The Nunes’s dairy supplies milk to the Straus Family Creamery. Straus should hope that we, the public, won’t take notice of the toll its alleged “sustainable” products take on our park and its wildlife. Its website reads:
“Sustainability is a founding principle and core value of Straus Family Creamery. Organic farming practices are the basis of our sustainability efforts. These practices promote good land stewardship, animal welfare and help sustain family farms and communities. These practices are essential to help support responsible farming for future generations.”
Its suppliers haven’t gotten the message.
Stickiest for both Seashore ranchers and the NPS may be the release of a recorded interview posted to YouTube, in which a former employee of the Mendoza Dairy, located at B Ranch, describes the intolerable conditions that he and his family endured as ranch workers. It suggests that other vulnerable agricultural families at the park also face poverty-level wages, unsafe housing, and no health benefits. Read Resource Renewal Institute’s letter to Secretary Debra Haaland concerning the welfare of ranch laborers here.
These are just the latest in a flood of recent violations that have come to light since the revelations of dangerous levels of water pollution in creeks and the deaths of the iconic Tule elk that the NPS allows to starve behind a fence to preserve forage in the park for the cattle.
Such wanton violations in plain sight suggest that the NPS staff should get out of the office and take a look around the park.
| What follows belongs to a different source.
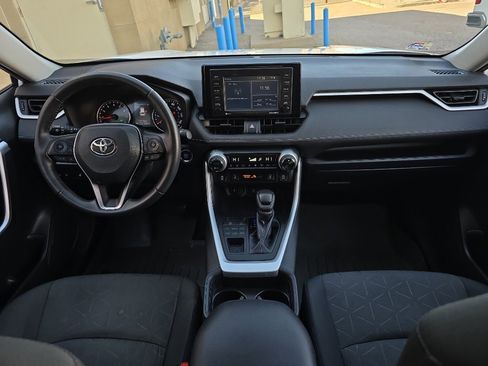 Used 2020 Toyota RAV4 XLE image 20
Despite the worst drought on record and no current data on the status of groundwater in the park, the NPS has been busily preparing to redevelop springs and enlarge stock ponds needed to support the new ranching plan, which permits more livestock and crops on the ranches.
The decision whether to perpetuate the ranches, phase them out or something in between, rests with the Secretary of the Interior and is due out on Monday, September 13—59 years to the day that the legislation was signed that established this beloved and beleaguered national seashore.
On Sunday, September 12, park advocates will gather at the Bear Valley Visitor Center in honor of the creation of the Seashore to demand that it be restored to the public it was meant to serve. It is past time for the Park Service to break its ties with the culture of exploitation at Point Reyes – both human and environmental – and return to its true mission.